The Internet: Getting Better with Age
It was forty years ago today,
That the Internet began to play
It’s been going through a lot of styles
But there’s always stuff to raise a smile
I was born during the Gen-X era, before we had the ‘net, PCs, or cell phones. Despite that, my web-savvy quotient is still respectable. But it doesn’t come close to Gen Y, much less Gen Z—populations immersed in a world of Facebook parties and twittering from here to there at all hours around the globe. And maybe it’s because of the technological leaps I’ve seen in my lifetime that I appreciate what the Internet has brought us. Despite its faults and imperfections, it’s key to our everyday existence. The Internet is the new family hearth… the town square… the city forum… the global village. And this cultural pillar turns 40 this week on October 29.
At a number of employers, most recently Cisco, I’ve witnessed its construction, like a dirt road in the countryside, first oiled, then paved; two lanes, then four, then eight. It reminds me of an old Cisco ad.
It’s from the mid-90s, but its message still rings true. Remote access servers followed by Digital subscriber line access and now fiber. Token rings and bridges, have given way to switches and routers. Flip phones, Blackberries, and now iPhones and Droids. My local Bulletin Board System grew into the World Wide Web, and now, into something I don’t even bother to name. It is just there. Until a few years ago, our focus was on building out the broadband wireline platform – building the foundation on which we deploy all our Web 2.0 applications and cloud-based services.

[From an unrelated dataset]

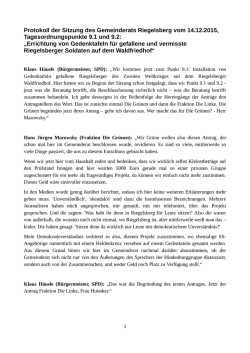 Protokoll der Riegelsberger Gemeinderatssitzung vom 14.12.2015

In the not-too-distant future, we’ll be able to say the same about mobile broadband, paving the way to a common experience whether you’re at your desk, on your smartphone, or using any other Internet-connected device you may have. Where ever you are, whenever you are. It all adds up to Borderless Networks – a far cry from where we started, but in many ways, the natural evolution of that first tenuous connection between UCLA and Stanford Research Institute.